What is the best way to run data analytics when using Python Motor (Async Driver)?

1ede6d8178ed74ad1b463c808e504bd · April 11, 2024, 11:16am

Hey folks,

I am very new to MongoDB. My use case is to have multiple collections, each containing multiple documents. I will have numerous collections and numerous documents (1000+). What is the best way to run analytics at scale? The options I see so far are as follows:

Use Pipelines in Mongo
Use PyMongoArrow (but not sure how that interfaces with Motor)

Am I missing any options? Also, which is most recommended for best practices and scalability. If it is 2, how can I make it work with Motor?

Thank you.

Steve_Silvester · April 11, 2024, 5:05pm

Hello, we do not yet support async clients in PyMongoArrow, this feature is tracked in https://jira.mongodb.org/browse/ARROW-198.

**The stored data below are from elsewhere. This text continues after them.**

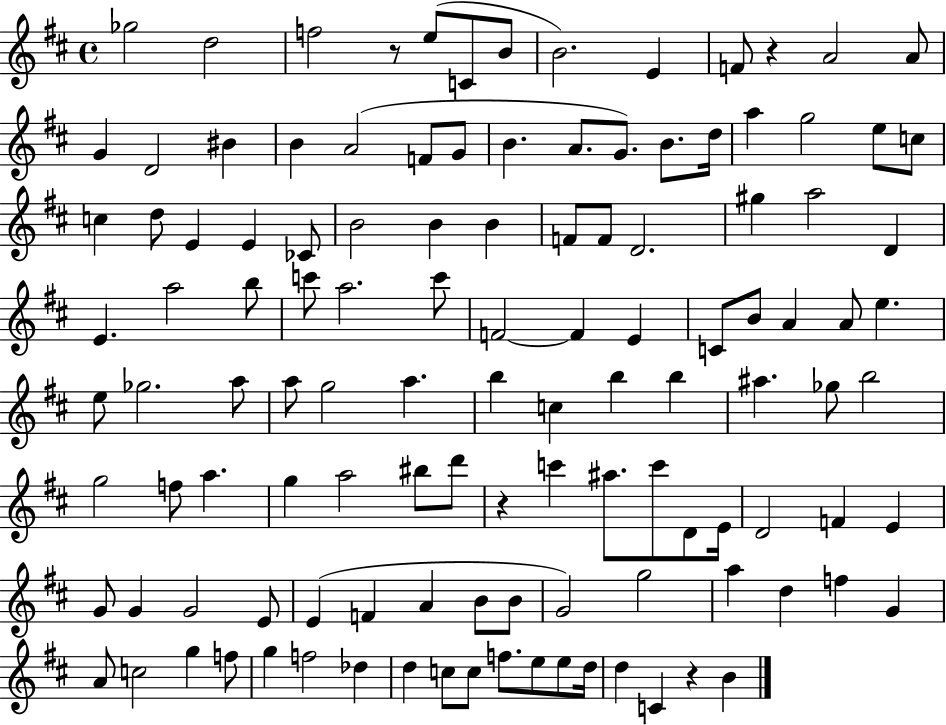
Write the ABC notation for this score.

X:1
T:Untitled
M:4/4
L:1/4
K:D
_g2 d2 f2 z/2 e/2 C/2 B/2 B2 E F/2 z A2 A/2 G D2 ^B B A2 F/2 G/2 B A/2 G/2 B/2 d/4 a g2 e/2 c/2 c d/2 E E _C/2 B2 B B F/2 F/2 D2 ^g a2 D E a2 b/2 c'/2 a2 c'/2 F2 F E C/2 B/2 A A/2 e e/2 _g2 a/2 a/2 g2 a b c b b ^a _g/2 b2 g2 f/2 a g a2 ^b/2 d'/2 z c' ^a/2 c'/2 D/2 E/4 D2 F E G/2 G G2 E/2 E F A B/2 B/2 G2 g2 a d f G A/2 c2 g f/2 g f2 _d d c/2 c/2 f/2 e/2 e/2 d/4 d C z B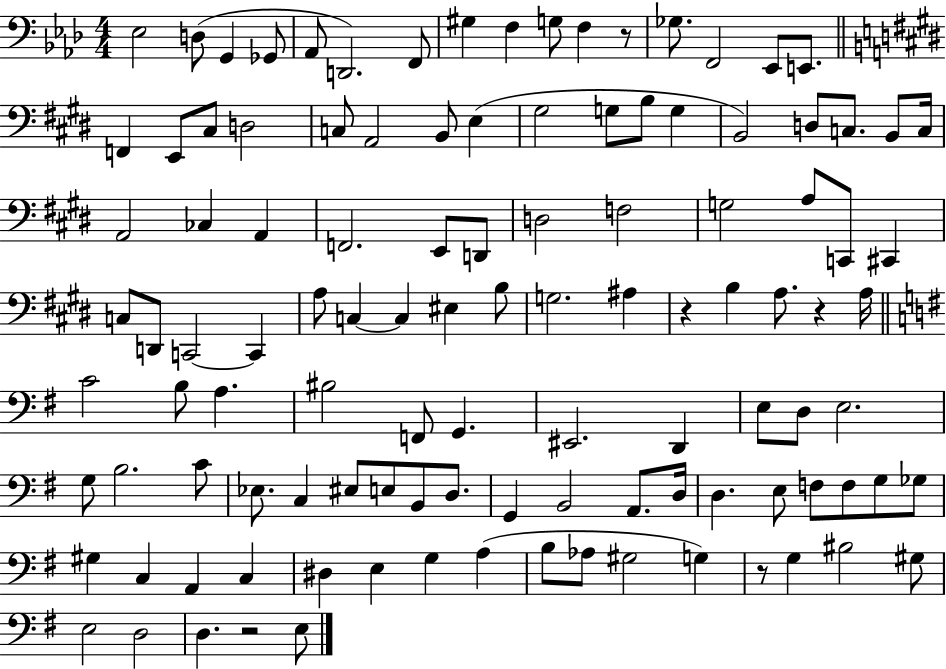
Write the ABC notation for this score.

X:1
T:Untitled
M:4/4
L:1/4
K:Ab
_E,2 D,/2 G,, _G,,/2 _A,,/2 D,,2 F,,/2 ^G, F, G,/2 F, z/2 _G,/2 F,,2 _E,,/2 E,,/2 F,, E,,/2 ^C,/2 D,2 C,/2 A,,2 B,,/2 E, ^G,2 G,/2 B,/2 G, B,,2 D,/2 C,/2 B,,/2 C,/4 A,,2 _C, A,, F,,2 E,,/2 D,,/2 D,2 F,2 G,2 A,/2 C,,/2 ^C,, C,/2 D,,/2 C,,2 C,, A,/2 C, C, ^E, B,/2 G,2 ^A, z B, A,/2 z A,/4 C2 B,/2 A, ^B,2 F,,/2 G,, ^E,,2 D,, E,/2 D,/2 E,2 G,/2 B,2 C/2 _E,/2 C, ^E,/2 E,/2 B,,/2 D,/2 G,, B,,2 A,,/2 D,/4 D, E,/2 F,/2 F,/2 G,/2 _G,/2 ^G, C, A,, C, ^D, E, G, A, B,/2 _A,/2 ^G,2 G, z/2 G, ^B,2 ^G,/2 E,2 D,2 D, z2 E,/2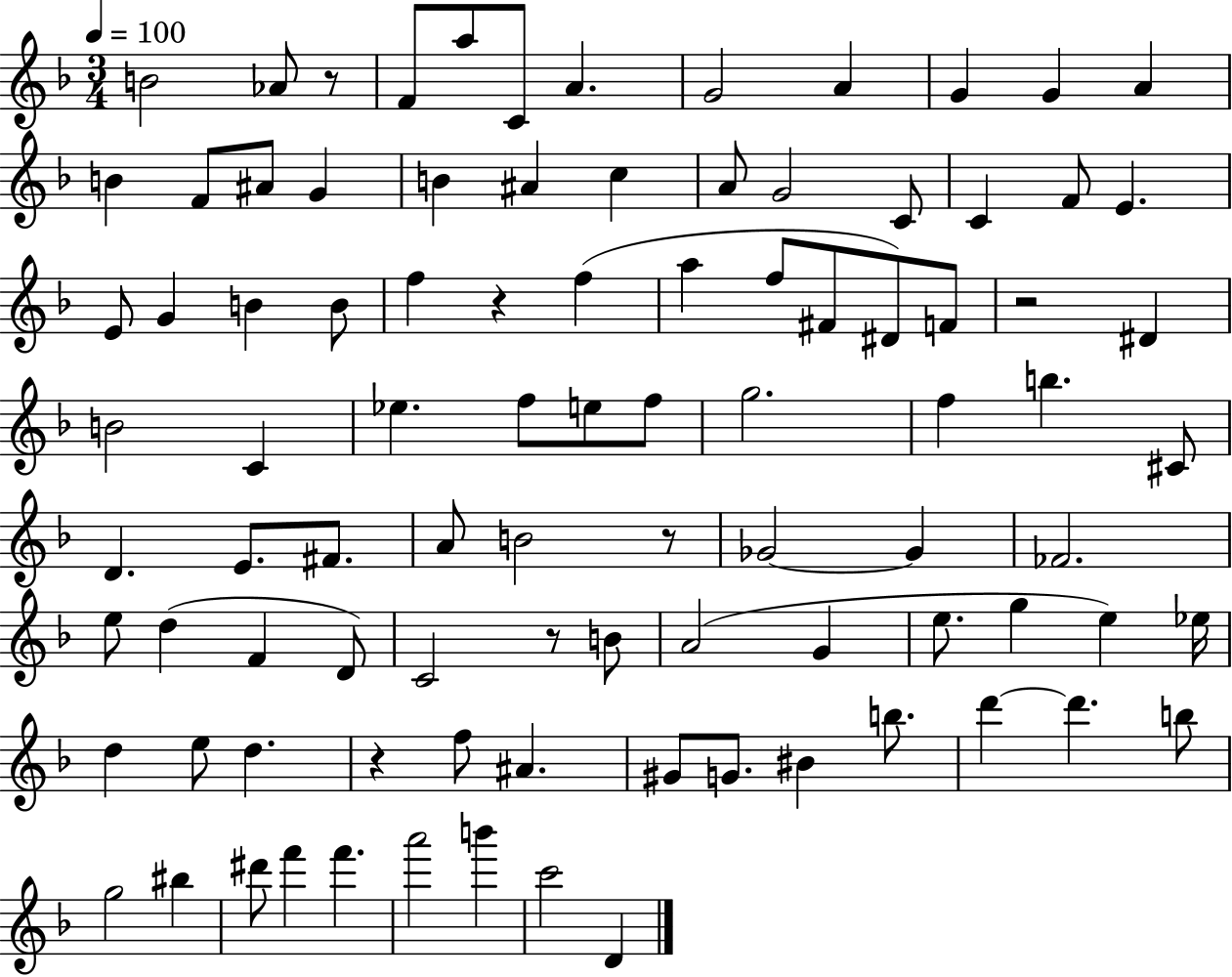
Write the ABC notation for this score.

X:1
T:Untitled
M:3/4
L:1/4
K:F
B2 _A/2 z/2 F/2 a/2 C/2 A G2 A G G A B F/2 ^A/2 G B ^A c A/2 G2 C/2 C F/2 E E/2 G B B/2 f z f a f/2 ^F/2 ^D/2 F/2 z2 ^D B2 C _e f/2 e/2 f/2 g2 f b ^C/2 D E/2 ^F/2 A/2 B2 z/2 _G2 _G _F2 e/2 d F D/2 C2 z/2 B/2 A2 G e/2 g e _e/4 d e/2 d z f/2 ^A ^G/2 G/2 ^B b/2 d' d' b/2 g2 ^b ^d'/2 f' f' a'2 b' c'2 D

1ede6d8178ed74ad1b463c808e504bd · April 11, 2024, 6:56pm

Noted. What is the best option to run analytics across multiple collections and documents?

Steve_Silvester · April 11, 2024, 7:39pm

Using pipelines in MongoDB, as you suggested.

1ede6d8178ed74ad1b463c808e504bd · April 15, 2024, 3:50pm

Got it. As a follow up, when should someone be using PyMongoArrow for data analytics / transformations versus Mongo’s pipelines? Is it only if the input is stored as Pandas/Numpy/Apache Arrow or is there another reason to use PyMongoArrow (efficiency / additional capabilities etc.)? Thanks

Steve_Silvester · April 16, 2024, 12:14am

We have a comparison page.

In general, PyMongoArrow is faster and uses less memory when dealing with larger, un-nested documents. We will continue to improve PyMongoArrow over time.